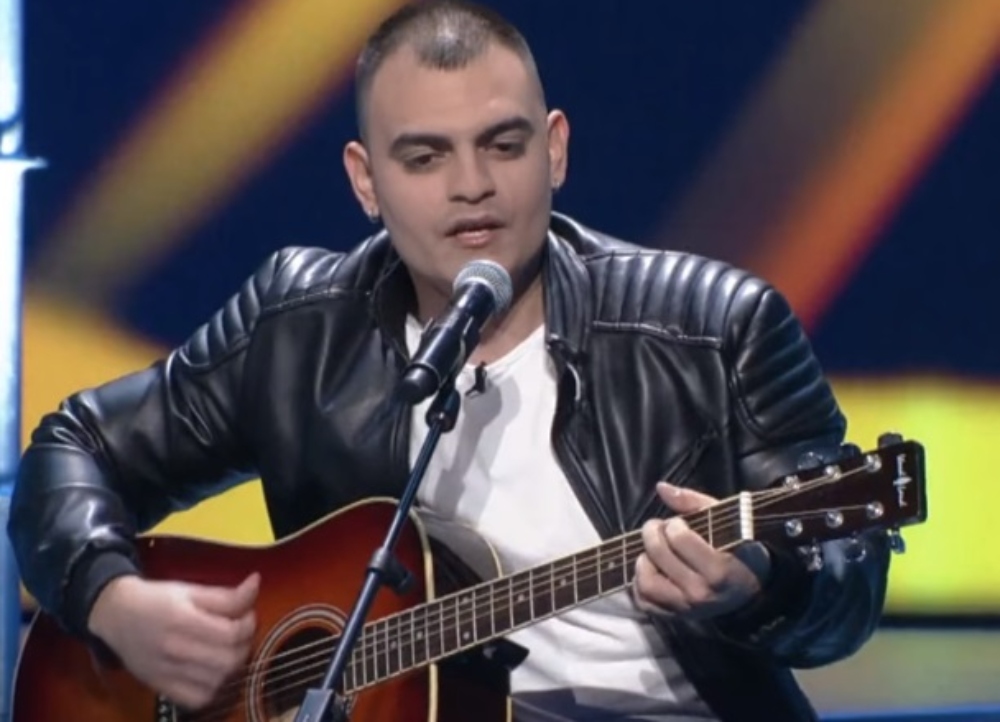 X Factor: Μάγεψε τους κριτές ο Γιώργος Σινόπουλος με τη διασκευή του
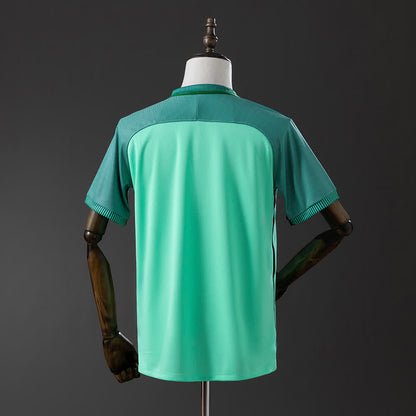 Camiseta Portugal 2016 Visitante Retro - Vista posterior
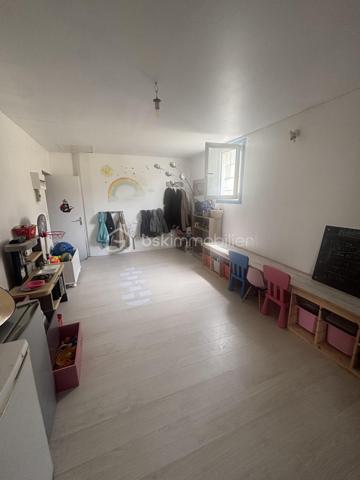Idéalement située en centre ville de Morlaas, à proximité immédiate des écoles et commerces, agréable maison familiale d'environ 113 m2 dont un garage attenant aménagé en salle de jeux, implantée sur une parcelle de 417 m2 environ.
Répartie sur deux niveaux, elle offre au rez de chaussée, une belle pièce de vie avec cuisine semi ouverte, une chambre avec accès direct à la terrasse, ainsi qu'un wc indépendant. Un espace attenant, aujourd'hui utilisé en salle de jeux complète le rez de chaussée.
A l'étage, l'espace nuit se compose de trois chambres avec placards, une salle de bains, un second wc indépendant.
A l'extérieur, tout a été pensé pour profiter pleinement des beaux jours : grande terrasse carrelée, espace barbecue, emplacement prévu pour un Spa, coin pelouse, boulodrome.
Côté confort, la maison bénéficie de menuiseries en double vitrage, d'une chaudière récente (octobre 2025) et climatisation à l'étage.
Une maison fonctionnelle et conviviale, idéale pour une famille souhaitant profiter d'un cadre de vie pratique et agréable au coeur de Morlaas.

-------------------------

* Problem statement *
After locating the line containing "A l'extérieur, tout", write out that line and all remaining lines of the records exactly, with nothing added.

* Answer to the problem *
A l'extérieur, tout a été pensé pour profiter pleinement des beaux jours : grande terrasse carrelée, espace barbecue, emplacement prévu pour un Spa, coin pelouse, boulodrome.
Côté confort, la maison bénéficie de menuiseries en double vitrage, d'une chaudière récente (octobre 2025) et climatisation à l'étage.
Une maison fonctionnelle et conviviale, idéale pour une famille souhaitant profiter d'un cadre de vie pratique et agréable au coeur de Morlaas.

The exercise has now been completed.